▸ **WHAT TO WORK ON**: Reproduce the records that follow exactly; any picture among them stays out.

▸ **EXCERPTED RECORDS**:
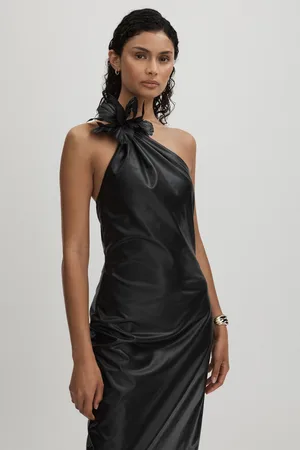 Halston Heritage Faux Leather One-Shoulder Maxi Dress36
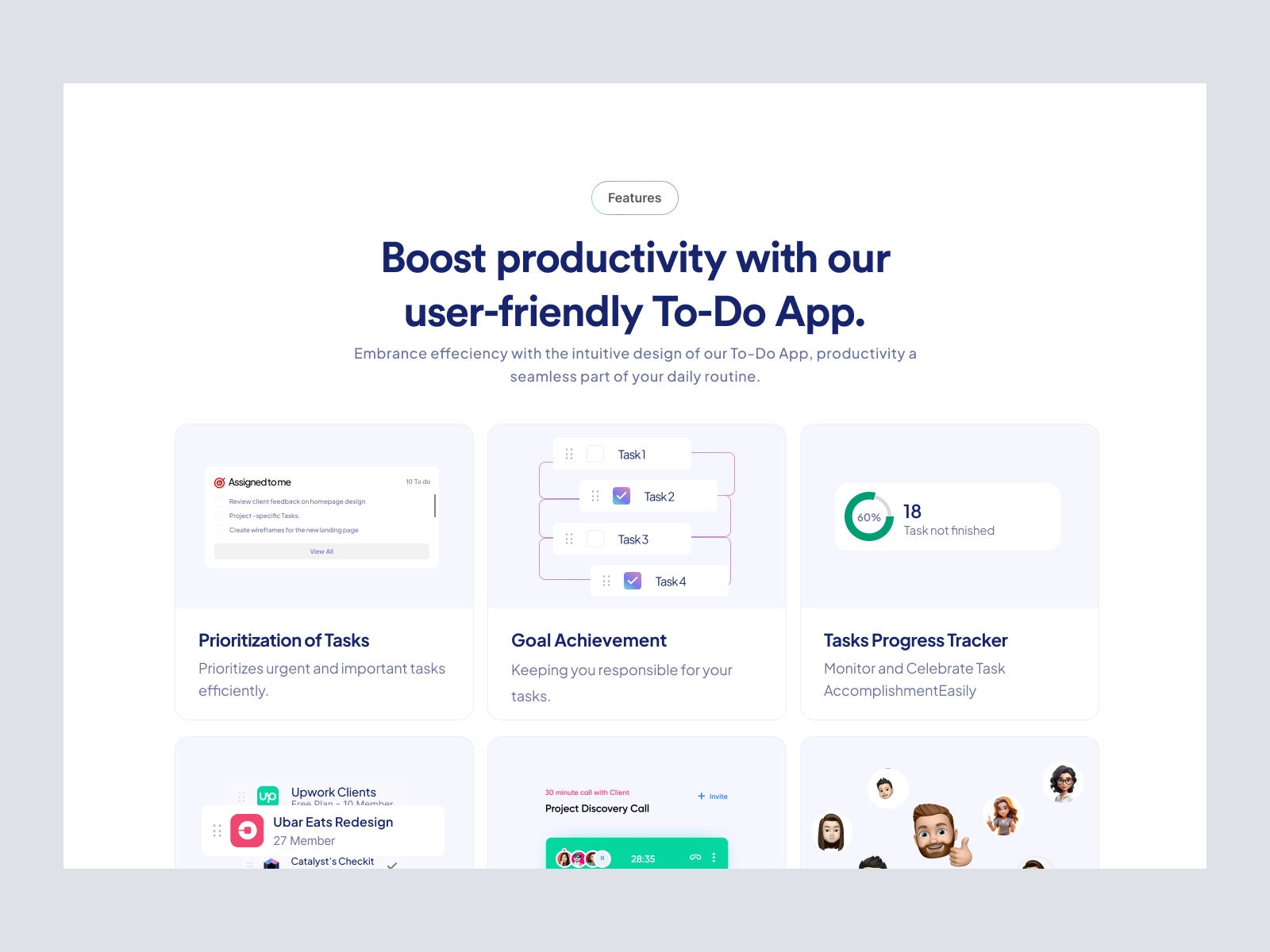 TaskHarbor - SaaS Landing Page Design for Task Management Website for Adobe XD - screen 2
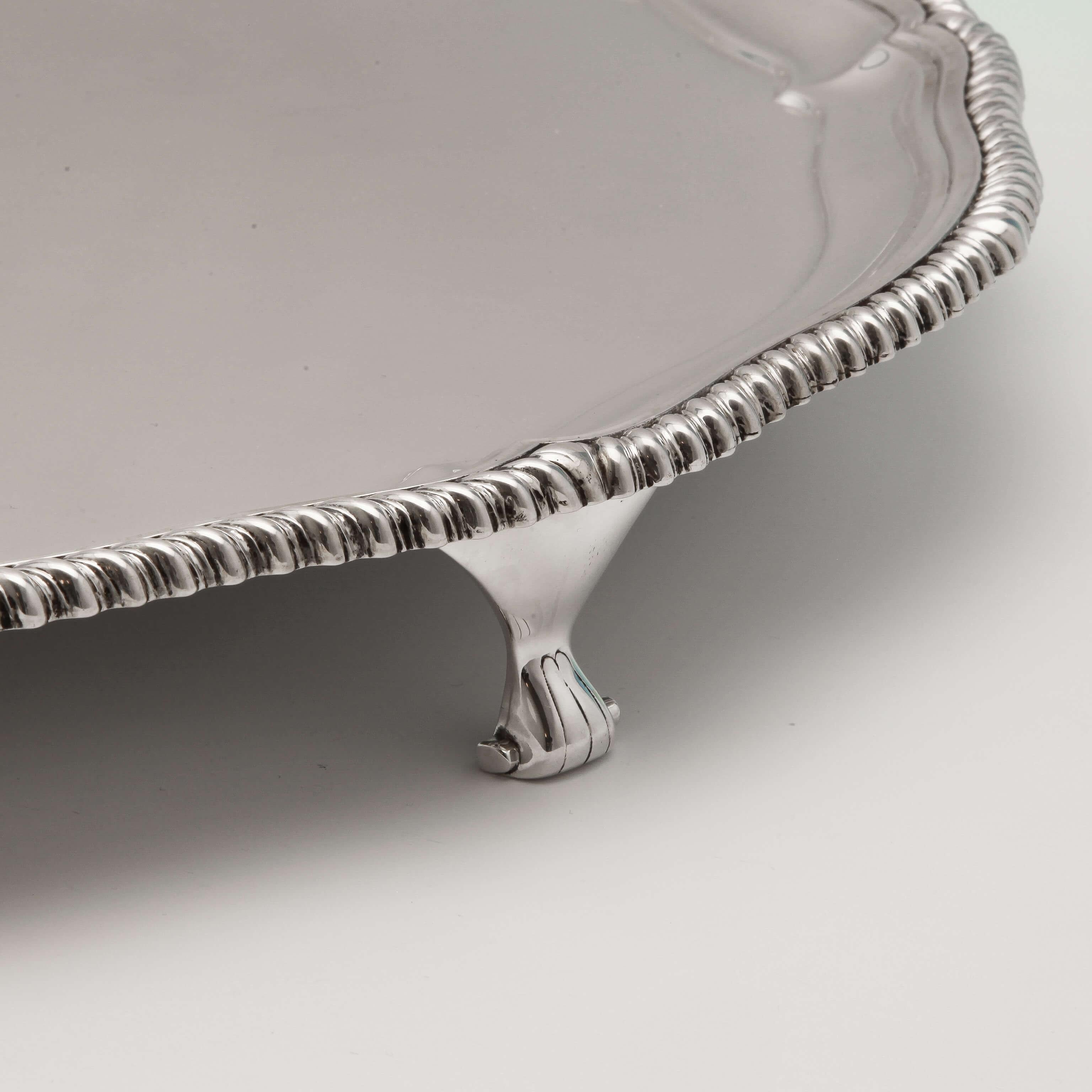 English Large Antique Sterling Silver Salver by Elkington & Co., 1919. 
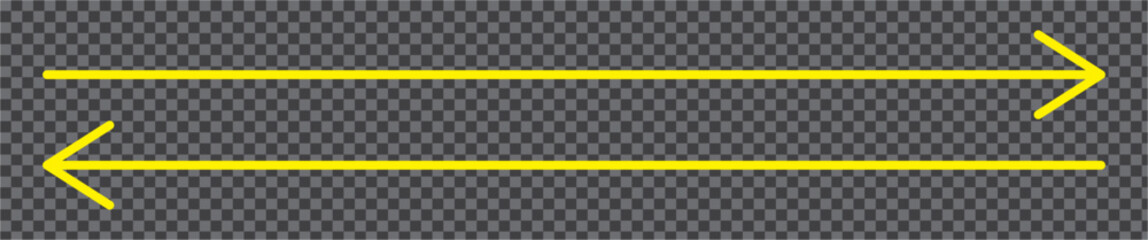 Horizontal dual thin long straight double ended arrow. Yellow color pointer, direction, position symbol and double arrow icon. Double arrow icon isolated on white background. 11:11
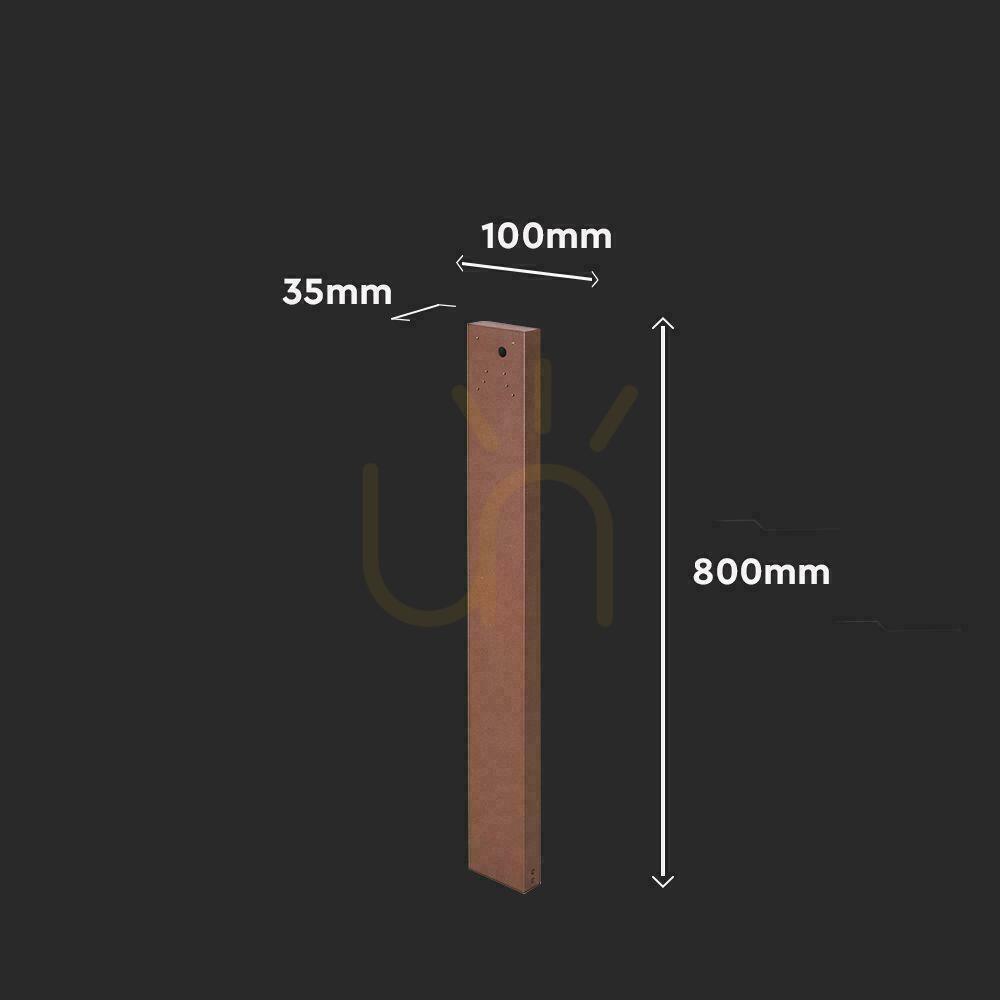Utsikt Stolpe 80cm för VT-409CCT solcellsdrivna vägglampor SKU 23770, 23824, 24063, 24089 cortenbrons VT-11080 Stolpe 80cm för VT-409CCT solcellsdrivna vägglampor SKU 23770, 23824, 24063, 24089 cortenbrons VT-11080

▸ **RESPONSE TO THE TASK**:
 Halston Heritage Faux Leather One-Shoulder Maxi Dress36
 TaskHarbor - SaaS Landing Page Design for Task Management Website for Adobe XD - screen 2
 English Large Antique Sterling Silver Salver by Elkington & Co., 1919. 
 Horizontal dual thin long straight double ended arrow. Yellow color pointer, direction, position symbol and double arrow icon. Double arrow icon isolated on white background. 11:11
Utsikt Stolpe 80cm för VT-409CCT solcellsdrivna vägglampor SKU 23770, 23824, 24063, 24089 cortenbrons VT-11080 Stolpe 80cm för VT-409CCT solcellsdrivna vägglampor SKU 23770, 23824, 24063, 24089 cortenbrons VT-11080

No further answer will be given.